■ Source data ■
--------------------------------

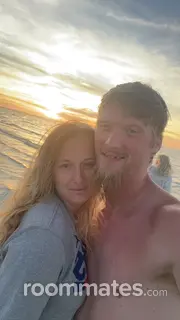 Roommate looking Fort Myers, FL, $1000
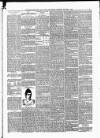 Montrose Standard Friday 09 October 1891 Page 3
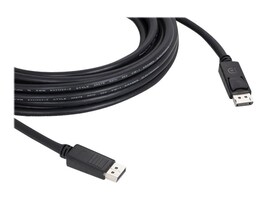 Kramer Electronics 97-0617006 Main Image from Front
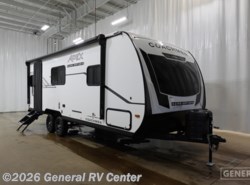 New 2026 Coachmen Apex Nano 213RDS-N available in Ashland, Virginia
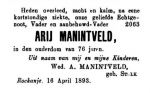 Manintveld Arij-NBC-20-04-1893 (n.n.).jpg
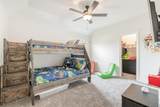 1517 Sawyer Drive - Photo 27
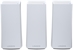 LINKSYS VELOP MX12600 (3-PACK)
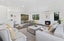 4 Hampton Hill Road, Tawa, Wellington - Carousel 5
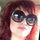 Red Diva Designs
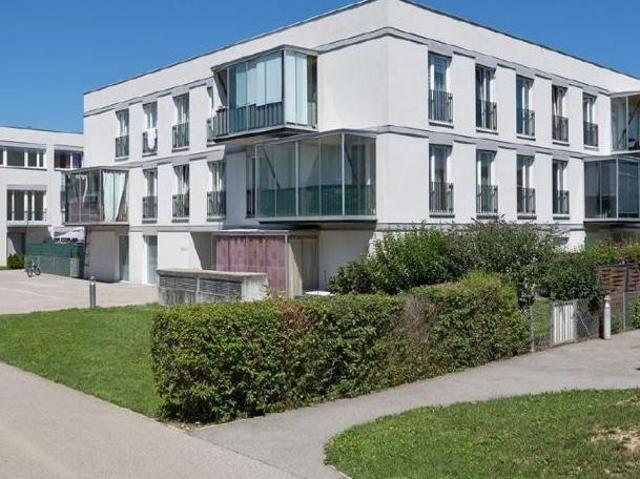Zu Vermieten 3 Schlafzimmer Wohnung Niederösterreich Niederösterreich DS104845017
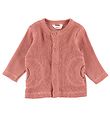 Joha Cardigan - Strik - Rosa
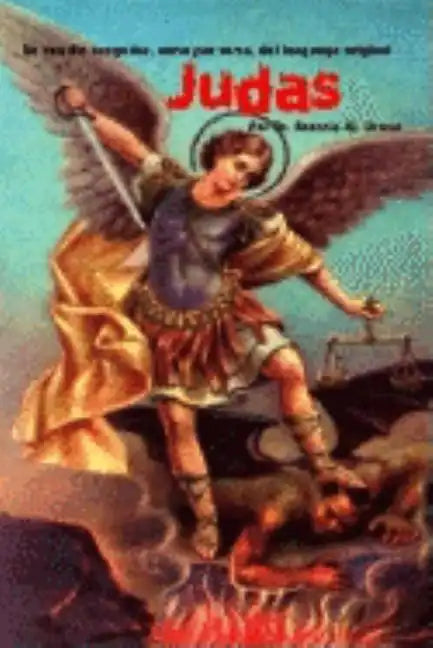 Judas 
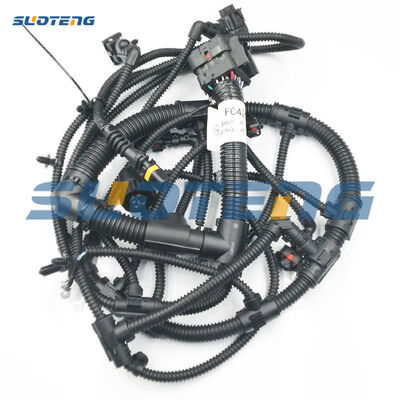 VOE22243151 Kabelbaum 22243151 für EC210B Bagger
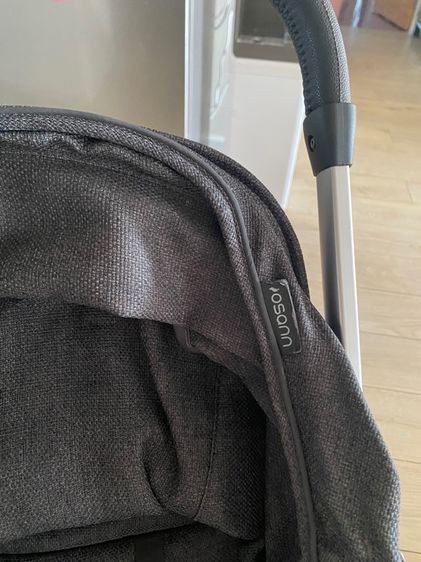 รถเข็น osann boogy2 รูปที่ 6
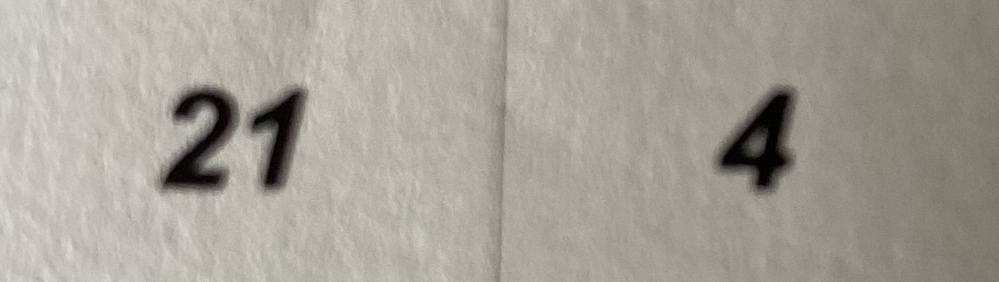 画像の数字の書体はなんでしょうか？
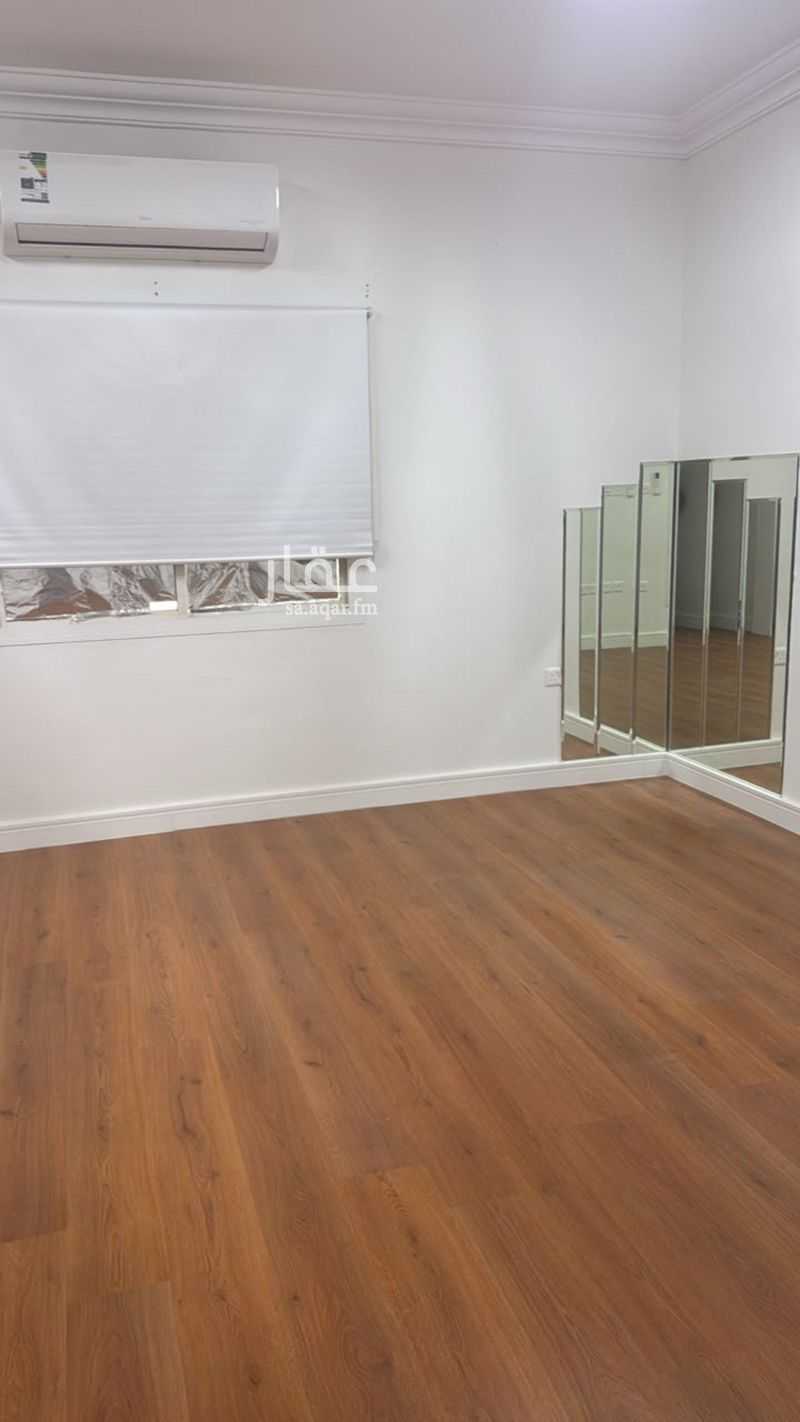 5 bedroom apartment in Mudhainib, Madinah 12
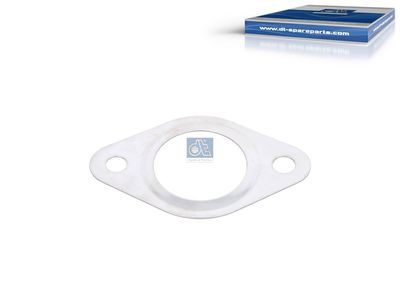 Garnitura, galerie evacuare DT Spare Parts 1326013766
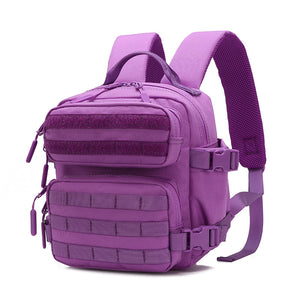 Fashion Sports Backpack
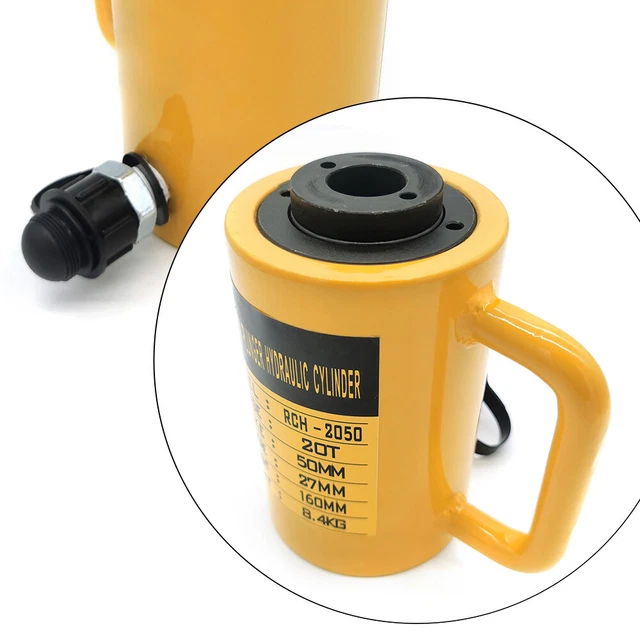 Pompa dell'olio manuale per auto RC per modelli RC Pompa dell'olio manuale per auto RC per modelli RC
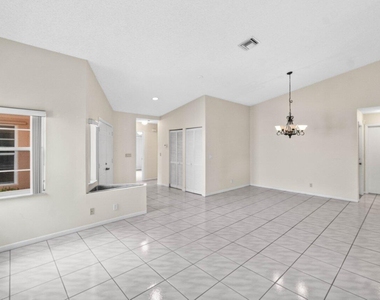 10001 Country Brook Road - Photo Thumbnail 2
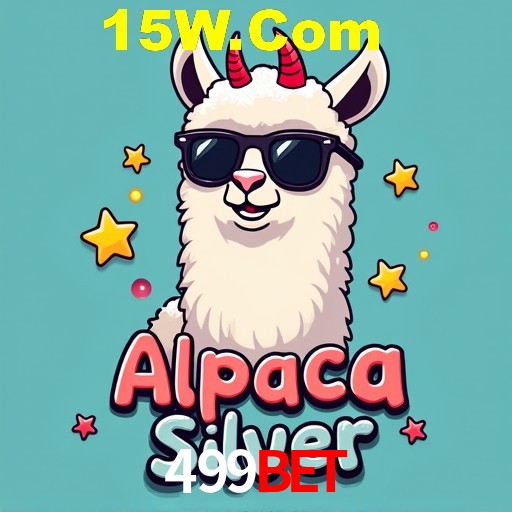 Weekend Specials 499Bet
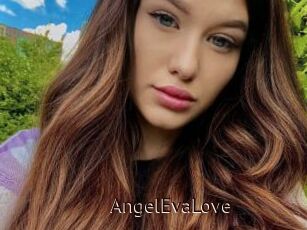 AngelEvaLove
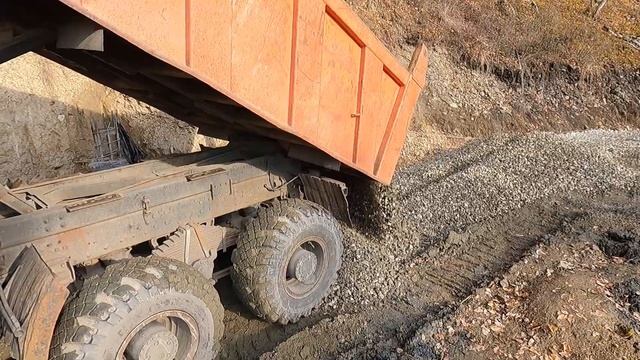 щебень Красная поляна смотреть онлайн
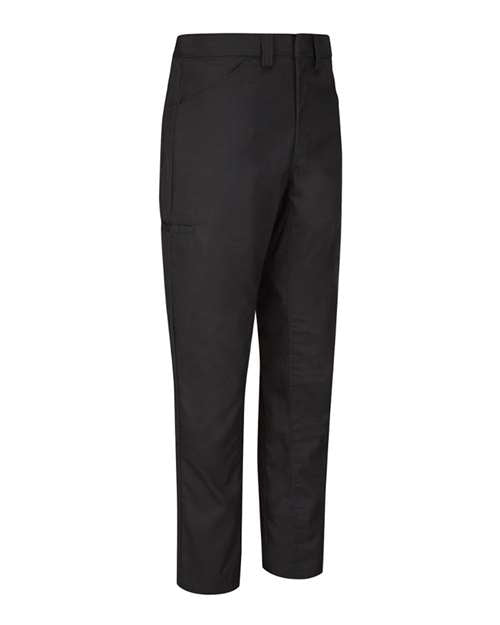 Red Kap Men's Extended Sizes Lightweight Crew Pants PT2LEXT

--------------------------------

■ PROBLEM TO WORK ON ■
The copy should hold exactly the lines above from the one with "4 Hampton Hill" through the one with "Fashion Sports Backpack", both ends counted, and no pictures at all.

■ RESULT OF THIS EXERCISE ■
 4 Hampton Hill Road, Tawa, Wellington - Carousel 5
 Red Diva Designs
Zu Vermieten 3 Schlafzimmer Wohnung Niederösterreich Niederösterreich DS104845017
 Joha Cardigan - Strik - Rosa
 Judas 
 VOE22243151 Kabelbaum 22243151 für EC210B Bagger
 รถเข็น osann boogy2 รูปที่ 6
 画像の数字の書体はなんでしょうか？
 5 bedroom apartment in Mudhainib, Madinah 12
 Garnitura, galerie evacuare DT Spare Parts 1326013766
 Fashion Sports Backpack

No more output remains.